Lines with "Used" in them are to be located in the listing below and copied.
Data excerpts START
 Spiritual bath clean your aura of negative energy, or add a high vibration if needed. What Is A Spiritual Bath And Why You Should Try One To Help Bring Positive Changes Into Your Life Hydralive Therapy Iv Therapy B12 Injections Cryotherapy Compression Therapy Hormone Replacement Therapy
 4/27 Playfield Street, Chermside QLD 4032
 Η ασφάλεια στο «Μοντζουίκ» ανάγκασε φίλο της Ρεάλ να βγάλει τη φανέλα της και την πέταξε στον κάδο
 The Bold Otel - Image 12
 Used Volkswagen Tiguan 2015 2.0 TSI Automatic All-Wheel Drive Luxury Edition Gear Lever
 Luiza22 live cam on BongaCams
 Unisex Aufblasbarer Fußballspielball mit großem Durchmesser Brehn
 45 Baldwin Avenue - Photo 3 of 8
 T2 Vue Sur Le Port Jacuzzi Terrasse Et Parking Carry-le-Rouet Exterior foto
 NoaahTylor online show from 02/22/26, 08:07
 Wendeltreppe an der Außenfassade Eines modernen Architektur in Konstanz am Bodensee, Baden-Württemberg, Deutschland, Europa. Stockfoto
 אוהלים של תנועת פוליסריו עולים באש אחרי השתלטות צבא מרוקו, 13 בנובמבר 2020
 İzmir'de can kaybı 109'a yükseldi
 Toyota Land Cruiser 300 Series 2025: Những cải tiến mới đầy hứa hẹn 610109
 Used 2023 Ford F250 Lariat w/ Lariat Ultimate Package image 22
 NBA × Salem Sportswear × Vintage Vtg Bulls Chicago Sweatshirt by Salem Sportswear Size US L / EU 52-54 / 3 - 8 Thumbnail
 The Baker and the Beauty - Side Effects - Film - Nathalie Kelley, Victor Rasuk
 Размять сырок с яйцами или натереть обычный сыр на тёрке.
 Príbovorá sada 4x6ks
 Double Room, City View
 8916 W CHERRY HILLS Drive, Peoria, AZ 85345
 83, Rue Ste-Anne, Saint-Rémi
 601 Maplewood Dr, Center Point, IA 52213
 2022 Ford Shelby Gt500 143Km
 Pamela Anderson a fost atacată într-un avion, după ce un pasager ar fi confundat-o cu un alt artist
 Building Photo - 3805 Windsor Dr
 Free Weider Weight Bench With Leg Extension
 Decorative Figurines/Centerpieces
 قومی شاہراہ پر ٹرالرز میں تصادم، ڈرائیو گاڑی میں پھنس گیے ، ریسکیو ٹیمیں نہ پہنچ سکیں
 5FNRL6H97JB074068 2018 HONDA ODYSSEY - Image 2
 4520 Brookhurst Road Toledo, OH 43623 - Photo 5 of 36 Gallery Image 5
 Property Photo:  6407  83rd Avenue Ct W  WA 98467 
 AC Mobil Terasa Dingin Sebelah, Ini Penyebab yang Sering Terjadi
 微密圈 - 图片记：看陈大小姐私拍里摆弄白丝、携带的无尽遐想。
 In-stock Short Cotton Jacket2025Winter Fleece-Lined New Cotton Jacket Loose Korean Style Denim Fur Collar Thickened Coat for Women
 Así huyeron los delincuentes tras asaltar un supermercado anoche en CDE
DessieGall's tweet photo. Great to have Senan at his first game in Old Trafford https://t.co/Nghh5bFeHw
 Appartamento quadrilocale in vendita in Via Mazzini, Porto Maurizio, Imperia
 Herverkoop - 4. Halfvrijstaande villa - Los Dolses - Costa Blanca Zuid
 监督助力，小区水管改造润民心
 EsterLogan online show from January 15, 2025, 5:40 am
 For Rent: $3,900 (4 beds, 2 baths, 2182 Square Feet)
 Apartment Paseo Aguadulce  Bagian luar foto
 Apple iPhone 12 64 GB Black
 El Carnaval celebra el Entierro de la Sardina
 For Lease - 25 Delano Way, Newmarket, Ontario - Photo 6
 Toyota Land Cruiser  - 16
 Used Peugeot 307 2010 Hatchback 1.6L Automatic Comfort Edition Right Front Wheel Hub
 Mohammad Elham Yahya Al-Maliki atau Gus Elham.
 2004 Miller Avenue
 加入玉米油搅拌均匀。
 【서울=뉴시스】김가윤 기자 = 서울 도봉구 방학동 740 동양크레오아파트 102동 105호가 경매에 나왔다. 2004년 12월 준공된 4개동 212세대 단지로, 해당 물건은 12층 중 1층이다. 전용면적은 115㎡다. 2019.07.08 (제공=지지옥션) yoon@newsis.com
Data excerpts END
* **Response below**
 Used Volkswagen Tiguan 2015 2.0 TSI Automatic All-Wheel Drive Luxury Edition Gear Lever
 Used 2023 Ford F250 Lariat w/ Lariat Ultimate Package image 22
 Used Peugeot 307 2010 Hatchback 1.6L Automatic Comfort Edition Right Front Wheel Hub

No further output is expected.